Eval is evil, part two

As I promised, more information on why eval is evil. (We once considered having T-shirts printed up that said “Eval is evil!” on one side and “Script happens!” on the other, but the PM’s never managed to tear themselves away from their web browsing long enough to order them.)

Incidentally, a buddy of mine who is one of those senior web developer kinda guys back in Waterloo sent me an email yesterday saying “Hello, my name is Robert and I am an evalaholic”. People, it wasn’t my intention to start a twelve step program, but hey, whatever works!

As I discussed the other day, eval on the client is evil because it leads to sloppy, hard-to-debug-and-maintain programs that consume huge amounts of memory and run unnecessarily slowly even when performing simple tasks. But like I said in my performance rant, if it’s good enough, then hey, it’s good enough.  Maybe you don’t need to write maintainable, efficient code. Seriously! Script is often used to write programs that are used a couple of times and then thrown away, so who cares if they’re slow and inelegant?

But eval on the server is an entirely different beast. First off, server scenarios are generally a lot more performance sensitive than client scenarios.  On a client, once your code runs faster than a human being can notice the lag, there’s usually not much point in making it faster.  But  as I mentioned earlier, ASP goes to a lot of work to ensure that for a given page, the compiler only runs once. An eval defeats this optimization by making the compiler run every time the page runs! On a server, going from 25 ms to 40 ms to serve a page means going from 40 pages a second to 25 pages a second, and that can be expensive in real dollar terms.

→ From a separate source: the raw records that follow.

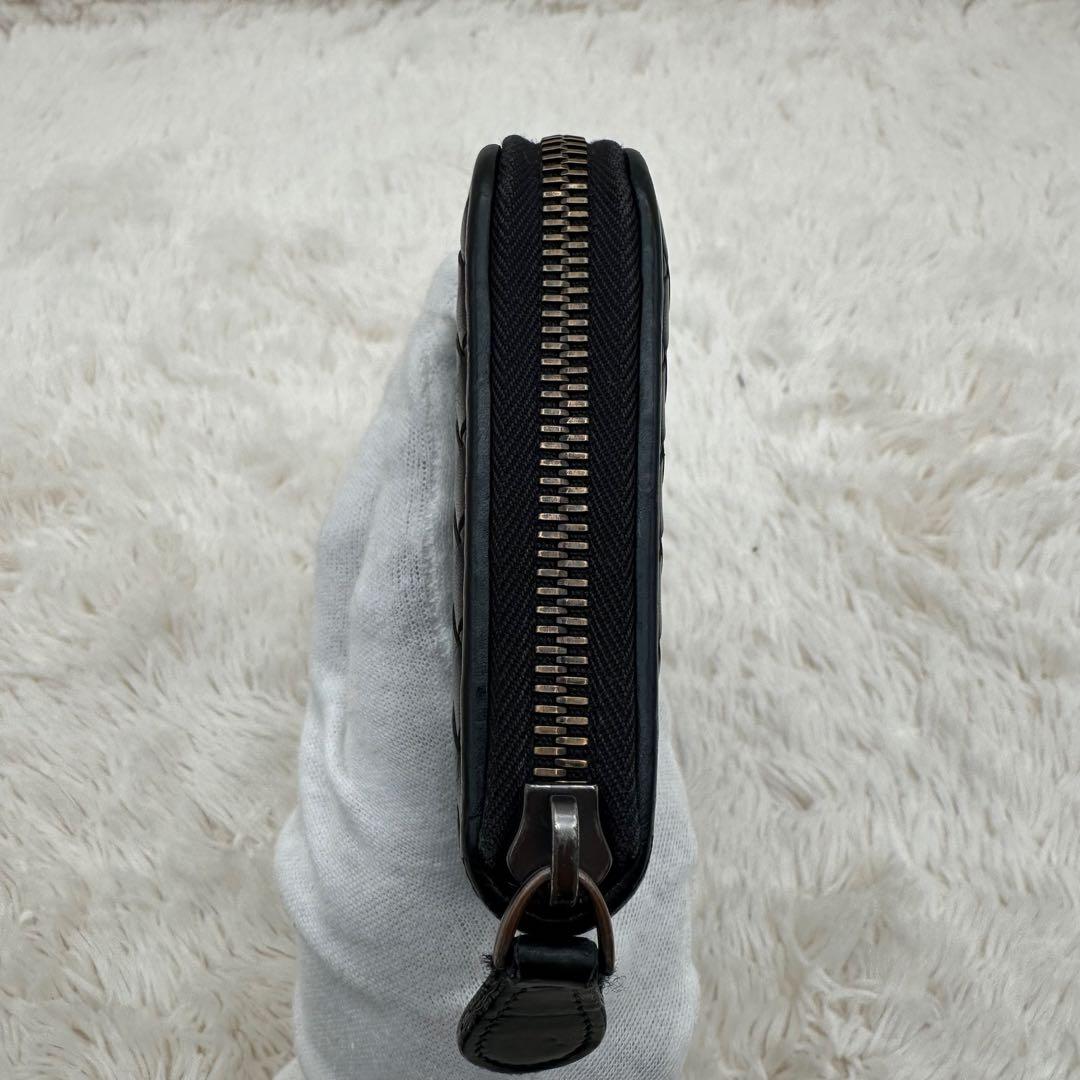 ✨美品✨ボッテガヴェネタ　長財布　ラウンドジップ　イントレチャート　黒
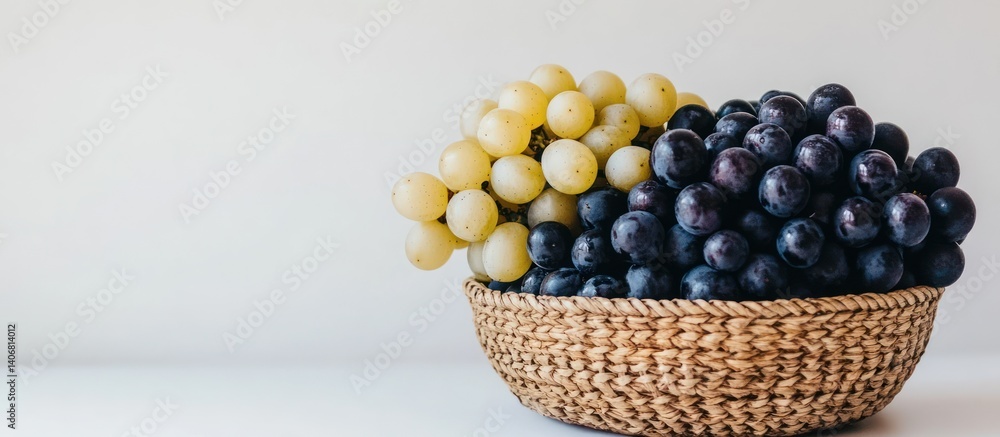Green & purple grapes in basket, white background Green & purple grapes in basket, white background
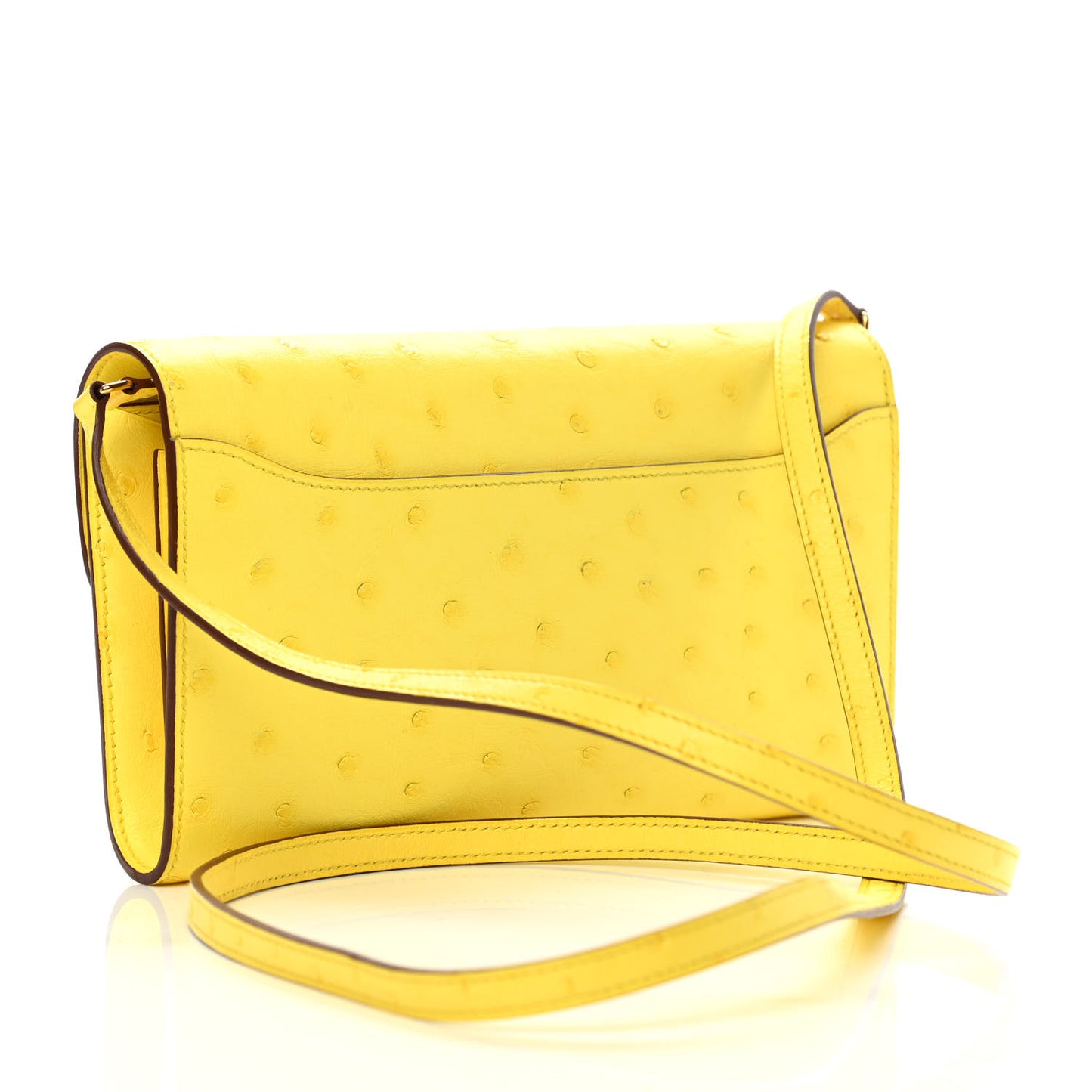 Ostrich Constance Long Wallet To Go Jaune Citron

But that’s not the most important reason to eschew eval on the server.  Any use of eval (or its VBScript cousins Eval, Execute and ExecuteGlobal) is a potentially enormous security hole:

<%
  var Processor_ProductList;
  var Software_ProductList;
  var HardDisk_ProductList;
  // ...
  CategoryName = Request.QueryString("category");
  ProductList = eval(CategoryName & "_ProductList");
  // ...

What’s wrong with this picture?  The server assumes that the client is not hostile.  Is that a warranted assumption?  Probably not!  You know nothing about the client that sent the request.  Maybe your client page only sends strings like “Processor” and “HardDisk” to the server, but anyone can write their own web page that sends

((new ActiveXObject('Scripting.FileSystemObject')).
DeleteFile('C:*.*',true)); 
Processor

which will cause eval to evaluate

((new ActiveXObject('Scripting.FileSystemObject')).
DeleteFile('C:*.*',true)); 
Processor_ProductList

Obviously that’s a pretty unsophisticated attack.  The attacker can put any code in there that they want, and it will run in the context of the server process.  Hopefully the server process is not a highly privileged one, but still, there’s vast potential for massive harm here just by screwing up the logic on your server.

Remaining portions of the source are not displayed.